» Provided information:
[Start of Attachment]
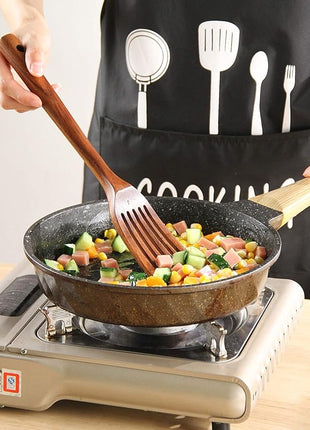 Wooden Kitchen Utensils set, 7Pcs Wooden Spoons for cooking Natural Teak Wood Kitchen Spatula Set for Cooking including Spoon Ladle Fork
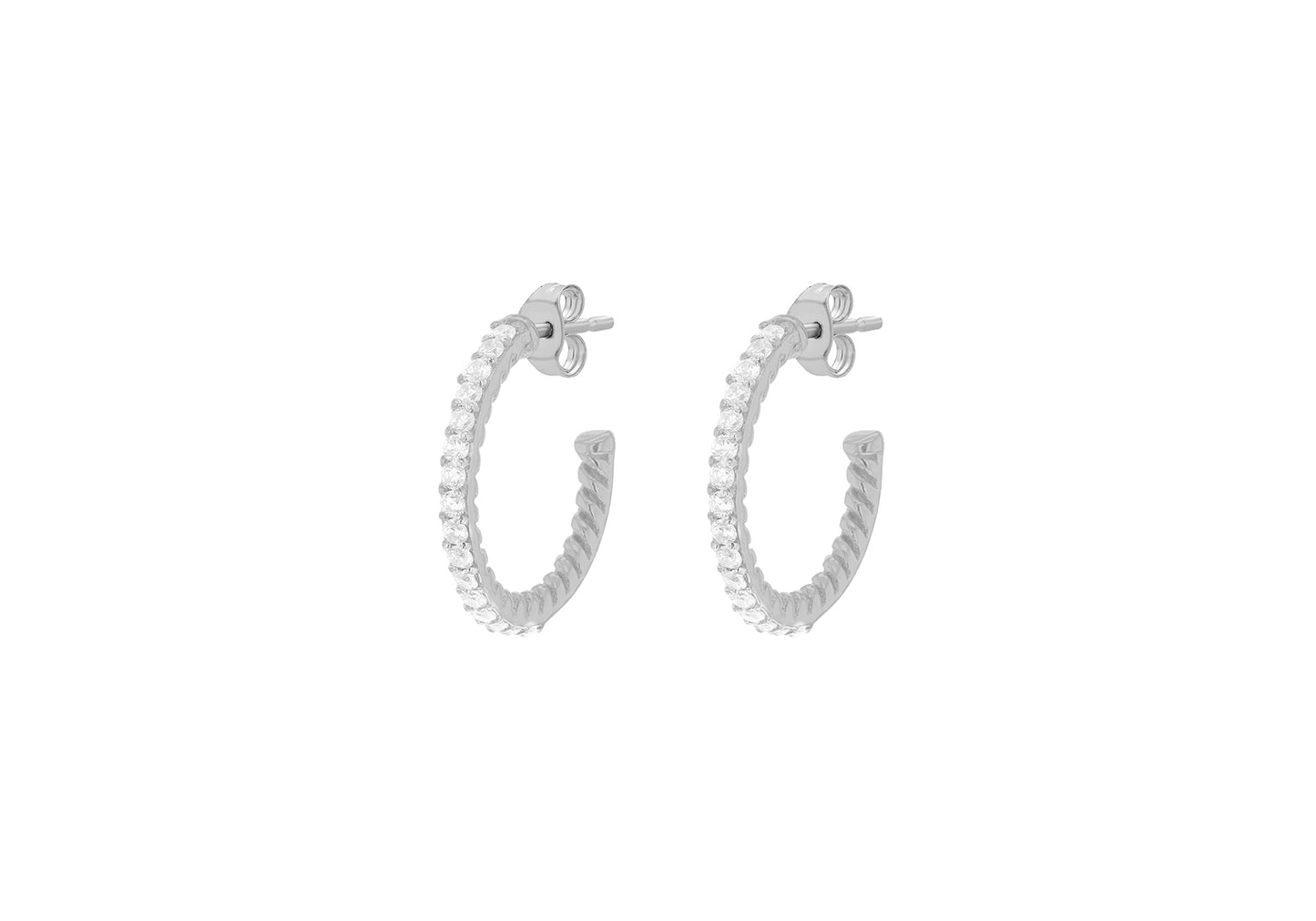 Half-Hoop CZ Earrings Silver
[End of Attachment]
[Start of Attachment]
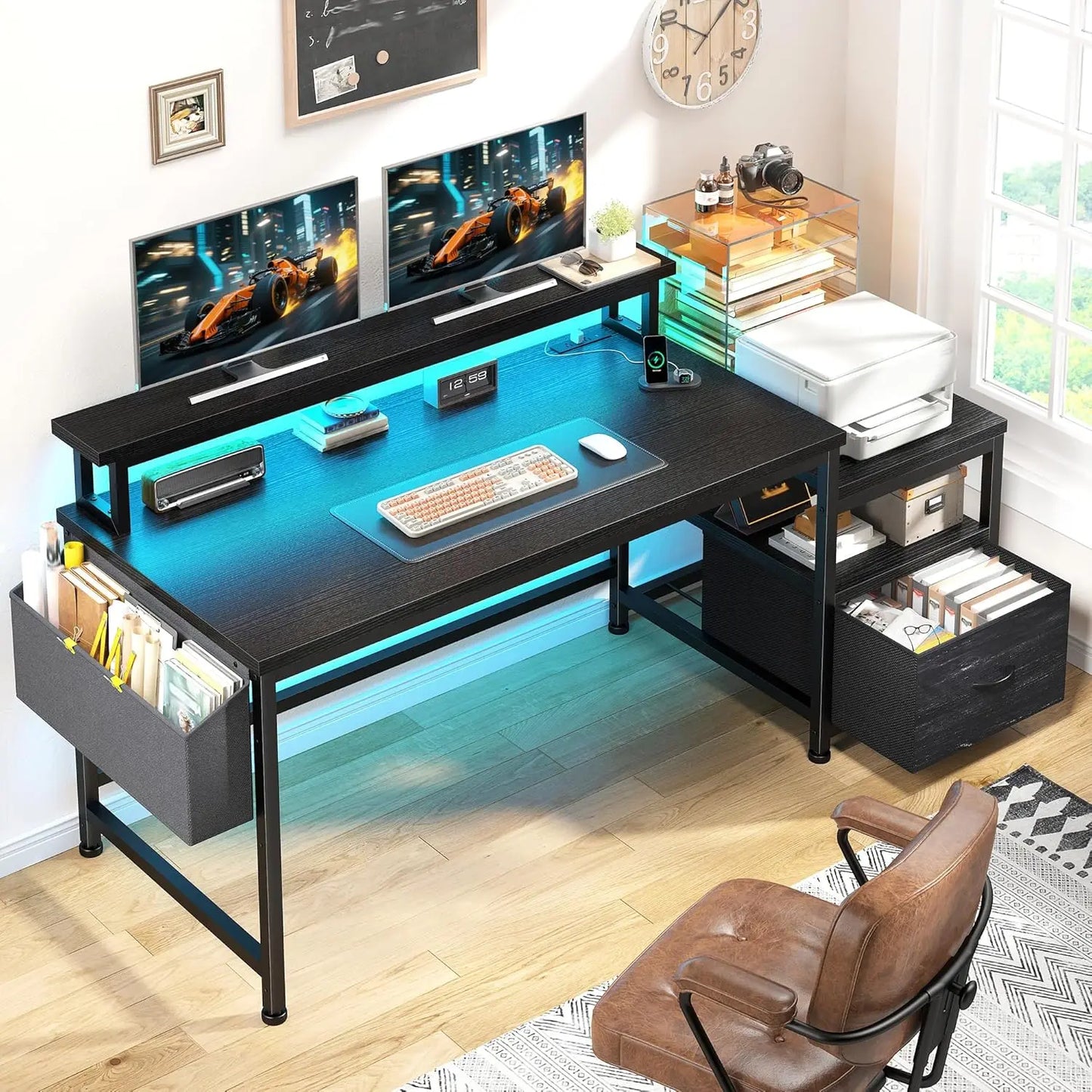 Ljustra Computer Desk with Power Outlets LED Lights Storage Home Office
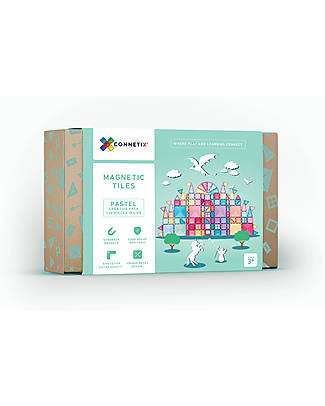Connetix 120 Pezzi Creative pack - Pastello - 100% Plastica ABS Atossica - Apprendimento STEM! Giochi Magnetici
[End of Attachment]
» Directions for this task: Extract from the material above the stretch running from the line containing "Ljustra Computer Desk" through the line containing "Connetix 120 Pezzi". Keep the text exact and the pictures out.

» Solved problem:
 Ljustra Computer Desk with Power Outlets LED Lights Storage Home Office
Connetix 120 Pezzi Creative pack - Pastello - 100% Plastica ABS Atossica - Apprendimento STEM! Giochi Magnetici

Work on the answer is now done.